The other way, which is practical for small examples like the one you've got, is to use dynamic programming. One can build up a table of "optimal score if you use the first k subjects, and want credits to add up to T". The code's a bit messy because C doesn't make it particularly easy to have dynamically sized 2d arrays, but here's a solution. Probably your professor was expecting something along these lines.
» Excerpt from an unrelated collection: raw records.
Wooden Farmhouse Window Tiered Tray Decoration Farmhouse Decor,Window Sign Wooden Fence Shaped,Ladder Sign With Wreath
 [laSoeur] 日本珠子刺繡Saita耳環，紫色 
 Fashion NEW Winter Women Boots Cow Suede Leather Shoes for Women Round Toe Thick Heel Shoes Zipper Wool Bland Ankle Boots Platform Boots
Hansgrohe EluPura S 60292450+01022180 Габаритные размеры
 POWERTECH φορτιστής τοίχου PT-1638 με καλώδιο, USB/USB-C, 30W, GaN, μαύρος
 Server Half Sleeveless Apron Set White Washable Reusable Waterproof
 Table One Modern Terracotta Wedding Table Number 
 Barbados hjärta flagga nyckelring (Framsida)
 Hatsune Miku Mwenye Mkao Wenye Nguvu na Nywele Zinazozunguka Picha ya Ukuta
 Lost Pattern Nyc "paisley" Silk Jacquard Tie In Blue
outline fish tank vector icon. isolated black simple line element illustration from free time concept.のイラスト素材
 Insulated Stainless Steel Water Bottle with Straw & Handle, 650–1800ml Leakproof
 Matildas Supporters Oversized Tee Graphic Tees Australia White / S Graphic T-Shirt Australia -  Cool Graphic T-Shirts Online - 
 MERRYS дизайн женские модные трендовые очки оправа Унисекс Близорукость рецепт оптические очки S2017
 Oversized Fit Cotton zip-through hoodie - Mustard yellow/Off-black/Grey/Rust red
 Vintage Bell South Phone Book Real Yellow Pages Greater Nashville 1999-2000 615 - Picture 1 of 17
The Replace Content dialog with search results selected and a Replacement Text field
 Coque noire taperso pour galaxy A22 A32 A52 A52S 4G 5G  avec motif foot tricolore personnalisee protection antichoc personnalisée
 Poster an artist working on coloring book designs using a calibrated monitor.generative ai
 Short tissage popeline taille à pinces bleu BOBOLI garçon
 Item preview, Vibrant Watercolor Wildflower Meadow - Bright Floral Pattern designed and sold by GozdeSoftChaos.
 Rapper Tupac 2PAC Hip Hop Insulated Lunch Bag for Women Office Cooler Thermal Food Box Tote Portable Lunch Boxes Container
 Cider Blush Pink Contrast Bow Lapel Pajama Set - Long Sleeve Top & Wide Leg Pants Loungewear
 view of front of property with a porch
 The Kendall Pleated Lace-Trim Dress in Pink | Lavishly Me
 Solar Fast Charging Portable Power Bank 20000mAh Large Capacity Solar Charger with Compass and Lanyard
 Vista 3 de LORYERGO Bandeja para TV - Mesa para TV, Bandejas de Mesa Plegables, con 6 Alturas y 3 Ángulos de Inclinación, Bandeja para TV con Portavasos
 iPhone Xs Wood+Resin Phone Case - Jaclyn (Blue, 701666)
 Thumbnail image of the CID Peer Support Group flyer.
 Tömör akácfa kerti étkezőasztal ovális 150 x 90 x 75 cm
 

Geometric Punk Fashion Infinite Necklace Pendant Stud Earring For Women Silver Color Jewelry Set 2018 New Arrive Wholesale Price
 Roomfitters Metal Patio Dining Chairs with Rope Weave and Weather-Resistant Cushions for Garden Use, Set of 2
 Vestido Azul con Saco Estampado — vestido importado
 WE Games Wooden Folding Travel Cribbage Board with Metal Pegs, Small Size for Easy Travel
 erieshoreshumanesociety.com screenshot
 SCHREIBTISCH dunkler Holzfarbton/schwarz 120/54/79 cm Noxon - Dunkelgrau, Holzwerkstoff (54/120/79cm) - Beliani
A small note, I divided all the credits (and the target credits of 120) by 10 because the common factor was redundant, but the code works just fine without that (it'll just use a tad more memory and time).
#include <stdio.h>
#include <stdlib.h>
int max(int a, int b) {
return a > b ? a : b;
}
#define GET(t, i, j, n) ((t)[(i) * (n + 1) + j])
// optimize_marks takes arrays creds and marks (both of length n),
// and finds a subset I of 0..(n-1) that maximizes
// sum(i in I)creds[i]*marks[i], such that sum(i in I)creds[i] = total.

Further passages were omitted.